COLLECTED MATERIAL -
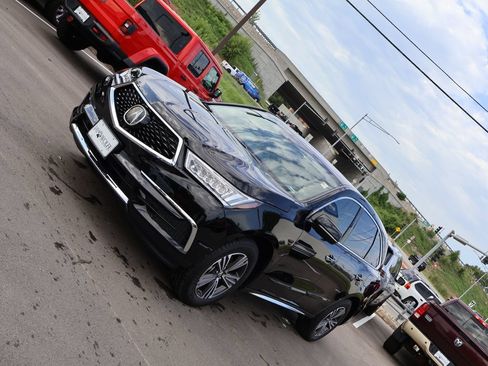 Used 2018 Acura MDX FWD image 3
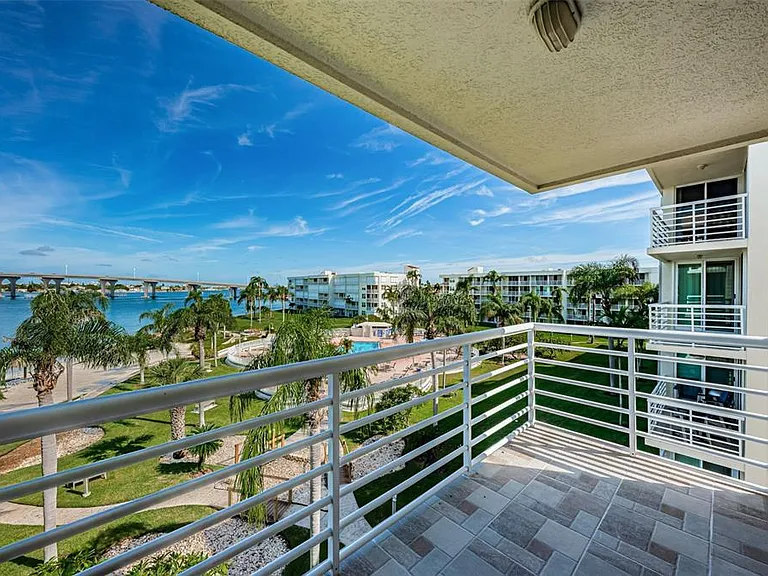 6081 Bahia Del Mar Cir #456 — Photo 21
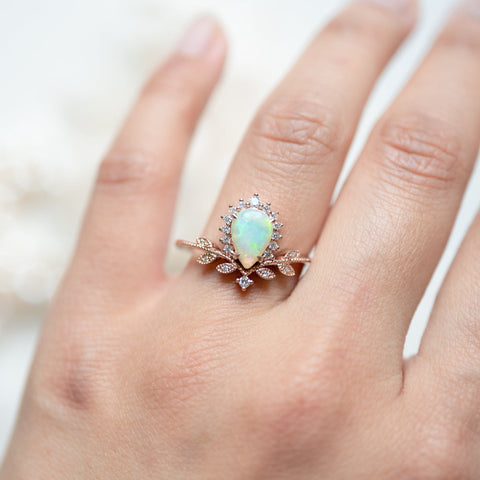 [Isadora] Woodland Fairy Pear Engagement Ring in Diamond / Moissanite Women's Ring michelliafinejewelry   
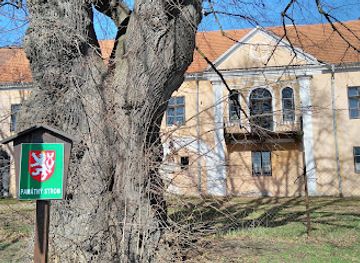 czechia/bohemia/attraction/mesice-castle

WHAT IS NEEDED - For this exercise, restate the material exactly and skip every picture.

ANSWER AREA -
 Used 2018 Acura MDX FWD image 3
 6081 Bahia Del Mar Cir #456 — Photo 21
 [Isadora] Woodland Fairy Pear Engagement Ring in Diamond / Moissanite Women's Ring michelliafinejewelry   
 czechia/bohemia/attraction/mesice-castle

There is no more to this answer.